Caption-style text data:
┌──
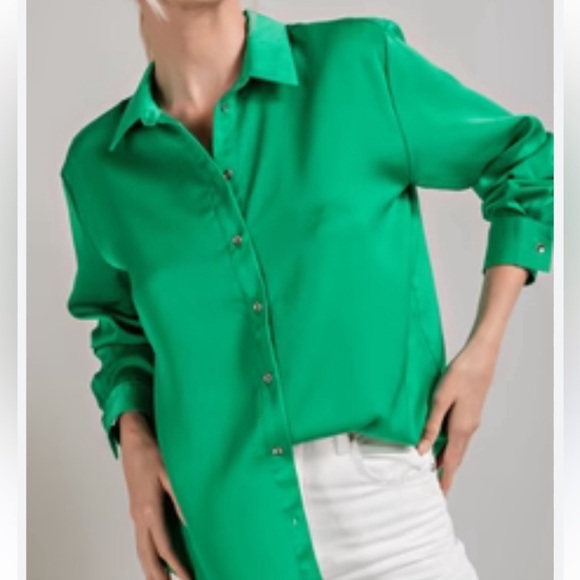 ShopEvelynne Tops - Beautiful Satin Silk Feel Shirt Solid Color Long-Sleeve Button Down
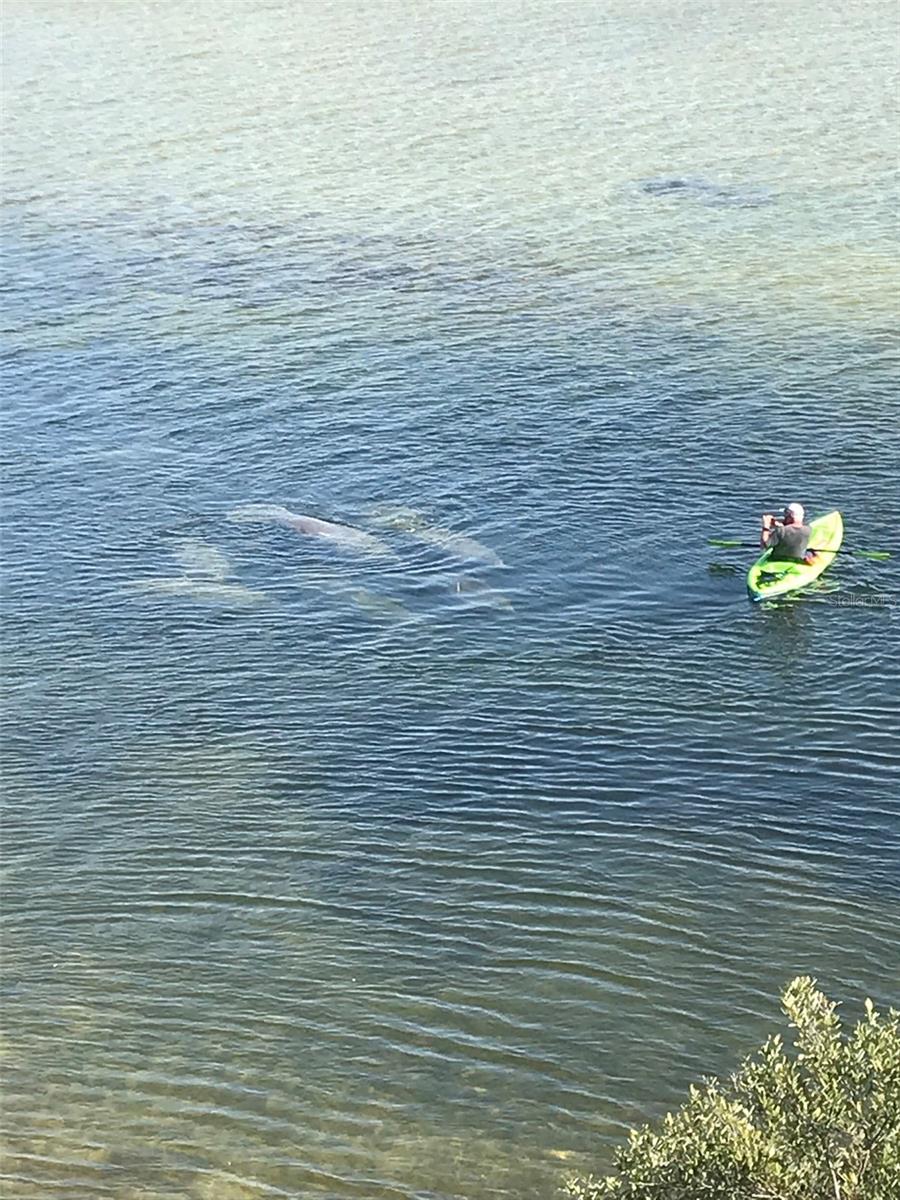 TB8391162 Property Photo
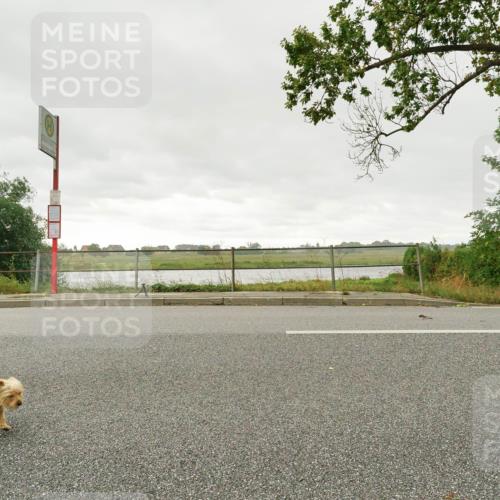 30.08.2026 - Elbe Triathlon Hamburg Michael Burmester http://msf.ph/oto/10050188 30.08.2026 15:41:51 Radfahren  meine-sportfotos.de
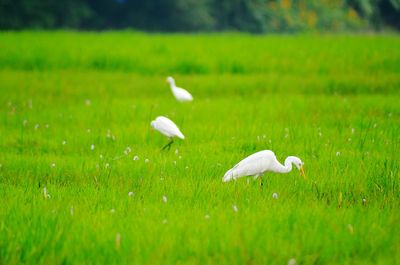 White birds on grassy field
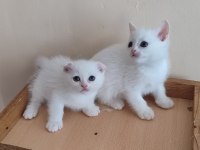 Alanya scottish fold ve straight beyaz gri erkek yavrular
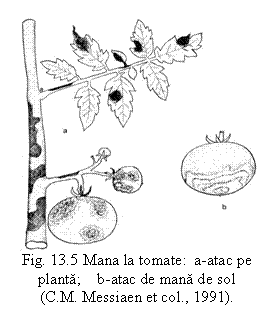 Text Box:  
Fig. 13.5 Mana la tomate:  a-atac pe planta;    b-atac de mana de sol
(C.M. Messiaen et col., 1991).


└──
> [What you are asked to do]
Your answer must be the entries written out word for word, without their pictures.

> [Response area]
 ShopEvelynne Tops - Beautiful Satin Silk Feel Shirt Solid Color Long-Sleeve Button Down
 TB8391162 Property Photo
 30.08.2026 - Elbe Triathlon Hamburg Michael Burmester http://msf.ph/oto/10050188 30.08.2026 15:41:51 Radfahren  meine-sportfotos.de
 White birds on grassy field
 Alanya scottish fold ve straight beyaz gri erkek yavrular
 Text Box:  
Fig. 13.5 Mana la tomate:  a-atac pe planta;    b-atac de mana de sol
(C.M. Messiaen et col., 1991).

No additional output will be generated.